Ok, here it is guys. I have been reloading for roughly 2 years in small quantity. I have obviously not gotten to the point that I may need to throw away brass. My question to you is: how do you know that a particular casing has reached the point that it has been reloaded for the last time, before it may fail?

Neck cracks and primer won't stay in primer pocket are the usual.
 
-Loose pockets.
-Incipient case head seperation (bright narrow ring at the top of the web, not to be confused with the normal sizer rub mark). F.L.sizing hastens this failure.
-excessive stretching and trimming.
-expansion of the extractor groove to the point it will no longer enter shellholder.
-neck tension variation from uneven work hardening (annealing overcomes this).
 
Thanks guys! :)

Now, how many of you actually keep count on the number of times you have reloaded a particular batch of casings? Or do you just watch out for what was said above?
 
I tried to keep track, but kind of lost interest in doing so, after many people, with more experience than I, said to shoot it until the neck splits, or the primers won't stay in.
 
As the others suggest. Inspect each one after cleaning. If it has any blemish or deformity that gives you any concern, chuck it. Brass is not that expensive and I would rather be overly cautious than injured.
 
I don't discard brass after a set number of loadings. If there is nothing visibly wrong with it, it will last at least one more firing.
 
If one case in a batch shows a cracked neck or a very loose primer I replace the whole batch rather then wait for each to go bad, that way I am always shooting brass from the same lot and manufacturer.
 
I track mine for number of uses just for fun. I have many different rounds and have quite a few cartridges over 20. Few give me trouble before I hit 12, unless I am really hot rodding them. I even have some 7 Rem mag that are over 10 full force hunting loads and still going strong. I rarely FL size anything unless it gets tight to chamber, and I pre-test the chambering on all my big game rounds but don't worry about it on target or varmint loads.
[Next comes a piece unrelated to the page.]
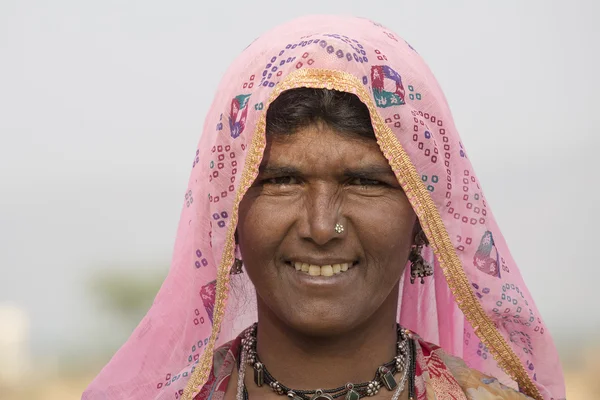 Mulher indiana mendigo em Pushkar, Índia — Fotografia de Stock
I never anneal so my first sign the brass is gone is usually neck splits, I have rarely lost them to pocket expansion except for the heavily hot rodded rounds when testing upper limits of loads.
 
Expanded primer pockets and work hardened necks that begin to split. If you keep your loads on the milder side and trim your brass it will last suprisingly long. I am still loading 22-250 and 25-06 brass from the 1980's.
 
Expanded primer pockets and work hardened necks that begin to split. If you keep your loads on the milder side and trim your brass it will last suprisingly long. I am still loading 22-250 and 25-06 brass from the 1980's.

All my loads are at least 0.5 gr. under the listed Maximum and I do check and trim my brass as needed.
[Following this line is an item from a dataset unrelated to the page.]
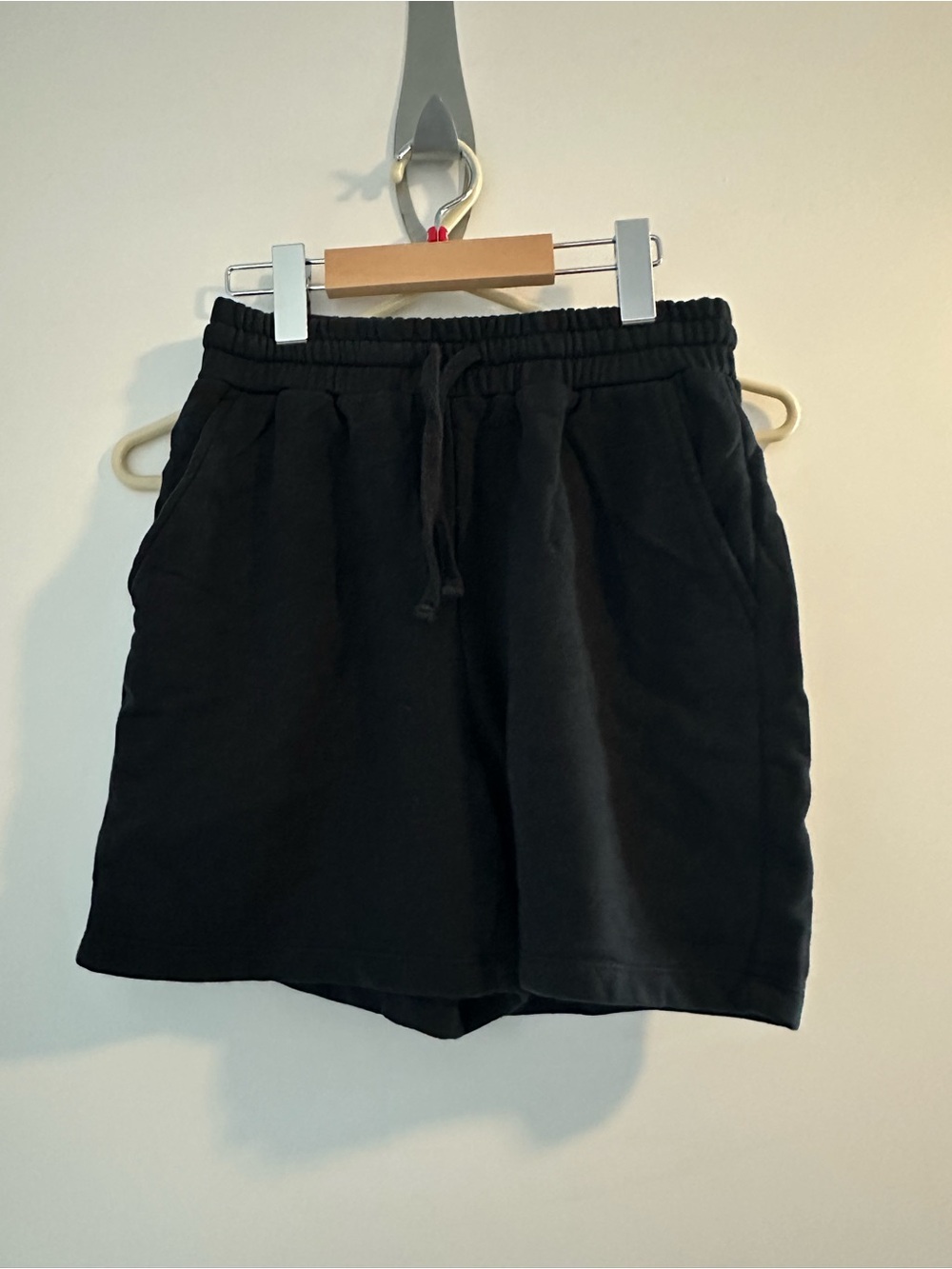 OAK + FORT Black Elastic Drawstring Athletic Shorts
I have some neck sizing dies for a few of my calibers and yes I beleive it helps prolonging the brass's life. What I really need to find know is a good neck sizing die to complement my RCBS F/L 300WSM set. Anyone got a suggestion?
 
All my loads are at least 0.5 gr. under the listed Maximum and I do check and trim my brass as needed.

I have some neck sizing dies for a few of my calibers and yes I beleive it helps prolonging the brass's life. What I really need to find know is a good neck sizing die to complement my RCBS F/L 300WSM set. Anyone got a suggestion?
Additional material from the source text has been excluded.